Obama Giving Medal of Honor to 24 Vets From 3 Wars

President Barack Obama moved to right old wrongs by belatedly awarding the Medal of Honor to 24 Army veterans who served during World War II, Korea and Vietnam but didn't get the awards because of prejudice, including a Santa Clara man who served in the Army and died nearly 60 years ago.

Just three of those being honored during Tuesday's ceremony at the White House are still alive, all of them combat veterans of Vietnam. Joe Baldonado, who lived in Santa Clara and died in 1950, is one of the vets who will be awarded with the honor posthumously. He was a light weapons infantryman/parachutist during the Korean War, according to the U.S. Army. His brother accepted the award on his behalf.

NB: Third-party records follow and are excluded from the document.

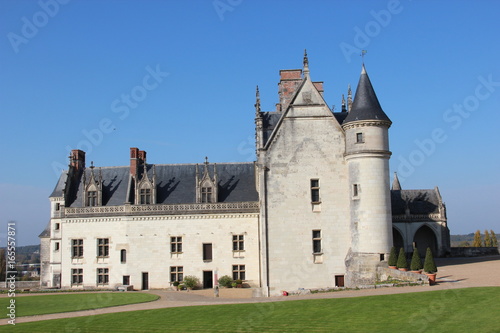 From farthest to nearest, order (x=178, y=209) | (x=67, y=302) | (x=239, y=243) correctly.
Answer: (x=178, y=209)
(x=239, y=243)
(x=67, y=302)

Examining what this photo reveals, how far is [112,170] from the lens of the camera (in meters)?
40.8

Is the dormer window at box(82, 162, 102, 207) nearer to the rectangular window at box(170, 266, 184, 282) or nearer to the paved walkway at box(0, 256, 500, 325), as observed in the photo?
the rectangular window at box(170, 266, 184, 282)

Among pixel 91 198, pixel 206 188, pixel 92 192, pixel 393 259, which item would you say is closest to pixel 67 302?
pixel 91 198

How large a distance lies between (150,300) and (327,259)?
1158 cm

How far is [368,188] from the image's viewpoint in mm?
30781

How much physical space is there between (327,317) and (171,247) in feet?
67.8

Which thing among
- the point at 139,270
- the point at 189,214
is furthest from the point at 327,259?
the point at 139,270

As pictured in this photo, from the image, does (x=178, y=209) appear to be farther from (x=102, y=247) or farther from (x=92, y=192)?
(x=92, y=192)

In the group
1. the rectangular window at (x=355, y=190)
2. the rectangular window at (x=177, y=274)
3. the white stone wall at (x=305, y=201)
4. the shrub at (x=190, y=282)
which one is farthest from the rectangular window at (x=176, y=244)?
the rectangular window at (x=355, y=190)

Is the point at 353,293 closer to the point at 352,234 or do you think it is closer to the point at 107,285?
the point at 352,234

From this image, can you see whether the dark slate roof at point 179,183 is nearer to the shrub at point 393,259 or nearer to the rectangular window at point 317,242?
the rectangular window at point 317,242

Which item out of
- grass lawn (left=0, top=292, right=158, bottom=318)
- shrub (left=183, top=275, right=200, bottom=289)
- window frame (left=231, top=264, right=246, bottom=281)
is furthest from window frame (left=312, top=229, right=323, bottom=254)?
grass lawn (left=0, top=292, right=158, bottom=318)

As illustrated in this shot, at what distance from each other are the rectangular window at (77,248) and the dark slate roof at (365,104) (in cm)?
2183

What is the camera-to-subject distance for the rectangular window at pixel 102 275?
122 feet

The honors are being awarded after Congress ordered a review to determine whether service members of Jewish or Hispanic heritage or others had been wrongly denied the Medal of Honor because of their heritage. All of those being honored had previously been awarded the Distinguished Service Cross, the nation's second-highest military award. Baldonado was of Latino descent.

Overall, eight of the 24 fought in Vietnam, nine in Korea and seven in World War II.

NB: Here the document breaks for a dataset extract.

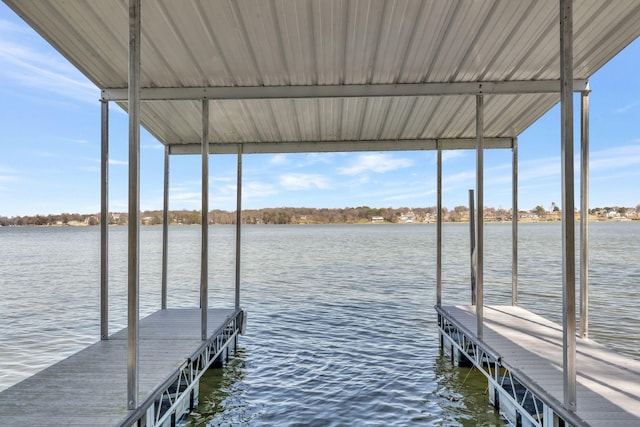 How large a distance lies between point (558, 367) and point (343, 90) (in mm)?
3822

According to the Military Times Hall of Valor, Baldonado was a Corporal credited with "extraordinary heroism" while serving as a machine-gunner with Company B, 1st Battalion, 187th Airborne Regimental Combat Team, 11th Airborne Division on Nov. 25, 1950 in  Kang-deng, Korea. When his platoon was attacked, he was in an "exposed position," according to the Army, but he cut down "wave after waver of enemy troops" even as they targeted attacks on him. A grenade landed near him, killing him instantly.

Baldonado's acts of bravery were described in a book, "Disaster in Korea: The Chinese Confront MacArthur."

The Associated Press contributed to this report.